It should be noted that dual pathway physiology characterizes the normal AVN electrophysiology that is prevalent in most normal individuals. Although the demonstration of dual AVN physiology during programmed atrial stimulation favors AVNRT as the mechanism of SVT (positive predictive value >80%), it is not an uncommon finding in patients with other types of SVTs (see Fig. 5.23 ). Furthermore, failure to demonstrate dual AVN physiology does not exclude the possibility of AVNRT and might be related to similar fast and slow AVN pathway ERPs. Then, dissociation of refractoriness of the fast and slow AVN pathways can be necessary (see ).

Ventricular preexcitation

Atrial stimulation can help unmask preexcitation if it is not manifest during NSR because of fast AVN conduction, slow BT conduction, or distant (left lateral) BT location. AES and atrial pacing from any atrial site result in slowing of AVN conduction and, consequently, unmask or increase the degree of preexcitation over the AV BT (see Fig. 22.19 ). Additionally, atrial stimulation close to the BT insertion site results in maximal preexcitation and the shortest P-delta interval because of the ability to advance the activation of the AV BT down to its ERP from pacing at this site caused by the lack of intervening atrial tissue, whose conduction time and refractoriness can otherwise limit the ability of the AES to stimulate the BT prematurely (see Fig. 22.19 ).

The failure of atrial stimulation to increase the amount of preexcitation can be caused by: (1) markedly enhanced AVN conduction; (2) the presence of another AV BT; (3) pacing-induced block in the AV BT because of a long ERP of the BT (longer than that of the AVN); (4) total preexcitation already present at the basal state caused by prolonged or absent AVN-His Purkinje system (HPS) conduction; (5) decremental conduction in the BT; or (6) the presence of a fasciculoventricular BT rather than an AV BT.

Extra atrial beats

AES and atrial pacing can trigger extra atrial beats or echo beats.

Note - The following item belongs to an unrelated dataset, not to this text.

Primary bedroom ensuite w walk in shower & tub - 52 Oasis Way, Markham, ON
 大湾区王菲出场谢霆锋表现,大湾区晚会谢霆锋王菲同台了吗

Those beats can be caused by different mechanisms.

Intraatrial reentrant beats.

These beats usually occur at short coupling intervals and can originate anywhere in the atrium. Therefore, the atrial activation sequence depends on the site of origin of the beat. The more premature the AES, the more likely it will induce nonspecific intraatrial reentrant beats and short runs of irregular AT or AF.

Catheter-induced atrial beats.

These beats usually have the earliest activation site recorded at that particular catheter tip and have the same atrial activation sequence as the atrial impulse produced by pacing from that catheter. Portions of the catheter proximal to the tip usually do not elicit mechanically induced ectopic impulses.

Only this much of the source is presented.